What the task asks:
Among the entries below, find the line with "Camo bifold wallet", then quote it and each following line up to and including the line with "On voit le visage", and nothing else.

Segment Open

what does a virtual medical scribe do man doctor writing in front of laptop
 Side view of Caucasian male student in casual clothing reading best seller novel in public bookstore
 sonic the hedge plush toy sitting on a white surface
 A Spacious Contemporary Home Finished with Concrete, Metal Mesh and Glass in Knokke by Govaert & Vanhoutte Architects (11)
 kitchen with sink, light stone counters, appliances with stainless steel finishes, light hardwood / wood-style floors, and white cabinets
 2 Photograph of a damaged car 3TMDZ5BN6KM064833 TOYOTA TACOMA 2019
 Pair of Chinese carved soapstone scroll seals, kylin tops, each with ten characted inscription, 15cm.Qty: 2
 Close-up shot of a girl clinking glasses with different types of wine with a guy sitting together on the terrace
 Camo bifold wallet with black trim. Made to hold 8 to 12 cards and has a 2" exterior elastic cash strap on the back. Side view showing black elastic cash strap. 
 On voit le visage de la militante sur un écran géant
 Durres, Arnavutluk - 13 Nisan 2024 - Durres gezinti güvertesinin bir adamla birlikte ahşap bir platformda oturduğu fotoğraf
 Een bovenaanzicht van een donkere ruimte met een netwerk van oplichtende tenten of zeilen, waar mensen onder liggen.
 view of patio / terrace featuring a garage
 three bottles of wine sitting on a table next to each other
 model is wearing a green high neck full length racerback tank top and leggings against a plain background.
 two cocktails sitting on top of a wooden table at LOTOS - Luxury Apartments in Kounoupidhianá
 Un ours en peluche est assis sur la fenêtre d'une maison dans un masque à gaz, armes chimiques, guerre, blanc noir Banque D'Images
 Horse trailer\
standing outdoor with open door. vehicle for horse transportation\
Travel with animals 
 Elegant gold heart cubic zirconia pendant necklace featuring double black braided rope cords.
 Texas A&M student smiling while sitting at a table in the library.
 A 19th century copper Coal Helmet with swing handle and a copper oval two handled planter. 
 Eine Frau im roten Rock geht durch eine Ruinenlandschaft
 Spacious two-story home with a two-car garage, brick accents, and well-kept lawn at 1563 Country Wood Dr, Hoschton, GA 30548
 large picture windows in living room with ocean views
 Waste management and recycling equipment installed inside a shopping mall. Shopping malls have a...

Segment Closed

Output of the exercise:
 Camo bifold wallet with black trim. Made to hold 8 to 12 cards and has a 2" exterior elastic cash strap on the back. Side view showing black elastic cash strap. 
 On voit le visage de la militante sur un écran géant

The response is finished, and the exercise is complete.